Il cibo è un prisma perfetto per osservare come vanno le cose nel mondo e le cose vanno male: ingiustizie crescenti, alimentazione malata, produzione industriale e velenosa, schiavizzazione dei raccoglitori migranti, contadini che scompaiono. Ne viene fuori un progresso distruttivo. Poi c’è la semantica del cibo, che fa ancora più male, perché rincoglionisce la gente. Programmi come Masterchef sono contestabili perché raccontano una idea di cucina falsa, fuori dalla storia.
Per anni le riduzioni di scalogno, le julienne erano parole confinate nel loro luogo di competenza: la cucina dei cuochi. Ad un certo punto scoprirono il vaso di Pandora e divennero imperanti.
Il fatto di far credere che la cucina si basi su prodigi tecnici ribaltava la realtà. Uno può divertirsi con una cosa così, ma non può credere ad una informazione falsa. Bene, lo hanno fatto credere.
Perché uno arriva con una stronzata grande quanto una casa e tutti gli credono? Perché non si è resistito abbastanza? Significa che il sistema è talmente marcio che arriva uno con una palata di soldi, fa tanta pubblicità ed è in grado di cambiare i pensieri della gente? Ma se è uno è capace di incidere nel pensiero collettivo con una cosa falsa, significa che le persone non hanno più nulla in testa? Significa che ciò che era rimasto non serviva più a nulla?

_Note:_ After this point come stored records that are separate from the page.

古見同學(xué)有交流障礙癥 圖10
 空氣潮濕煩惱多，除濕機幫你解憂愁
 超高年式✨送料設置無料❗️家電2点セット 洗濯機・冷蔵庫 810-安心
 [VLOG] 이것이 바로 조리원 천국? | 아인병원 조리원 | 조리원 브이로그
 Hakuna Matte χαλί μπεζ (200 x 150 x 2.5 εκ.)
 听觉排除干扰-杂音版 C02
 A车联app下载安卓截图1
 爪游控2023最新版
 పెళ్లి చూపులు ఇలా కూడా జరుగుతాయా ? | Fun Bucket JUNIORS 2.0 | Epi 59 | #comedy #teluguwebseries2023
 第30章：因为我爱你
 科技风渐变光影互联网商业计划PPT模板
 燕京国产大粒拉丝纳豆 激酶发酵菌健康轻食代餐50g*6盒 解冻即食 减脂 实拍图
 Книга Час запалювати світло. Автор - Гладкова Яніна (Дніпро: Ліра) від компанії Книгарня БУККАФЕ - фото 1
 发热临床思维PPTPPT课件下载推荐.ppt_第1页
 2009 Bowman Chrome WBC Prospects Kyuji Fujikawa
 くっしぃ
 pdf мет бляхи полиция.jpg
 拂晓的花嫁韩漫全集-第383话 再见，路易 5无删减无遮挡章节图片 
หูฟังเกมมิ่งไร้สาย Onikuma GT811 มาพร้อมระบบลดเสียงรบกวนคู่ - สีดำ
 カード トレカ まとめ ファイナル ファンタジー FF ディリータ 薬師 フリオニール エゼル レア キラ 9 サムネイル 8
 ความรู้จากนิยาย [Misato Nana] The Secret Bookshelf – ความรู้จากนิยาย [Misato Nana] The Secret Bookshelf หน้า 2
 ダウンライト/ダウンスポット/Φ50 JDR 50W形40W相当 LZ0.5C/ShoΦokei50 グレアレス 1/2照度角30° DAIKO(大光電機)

Una cosa che mi turbava nei ricettari, nelle tv, nei giornali era che la cucina diventava il luogo dei precetti: ti dico come preparare il tuo piatto, dove comprare bene i tuoi prodotti, come produrre.
Ma dai miei Villani non funziona così, lo dicono chiaro e tondo: tu non mi dici quello che io devo fare, io so quello che devo fare.
La cucina popolare è codificata e tramandata oralmente da gente che apprende attraverso la capacità di osservare, dedurre, trasformare, che tutti gli esseri umani hanno. Non è che arrivi tu, mi dici una minchiata e io ti credo. Queste persone nel fare pesca, agricoltura, cucina in quel modo, che sembra così antico, così fuori dal tempo, hanno uno spirito critico verso la società contemporanea di rara sagacia, ironia e pertinenza.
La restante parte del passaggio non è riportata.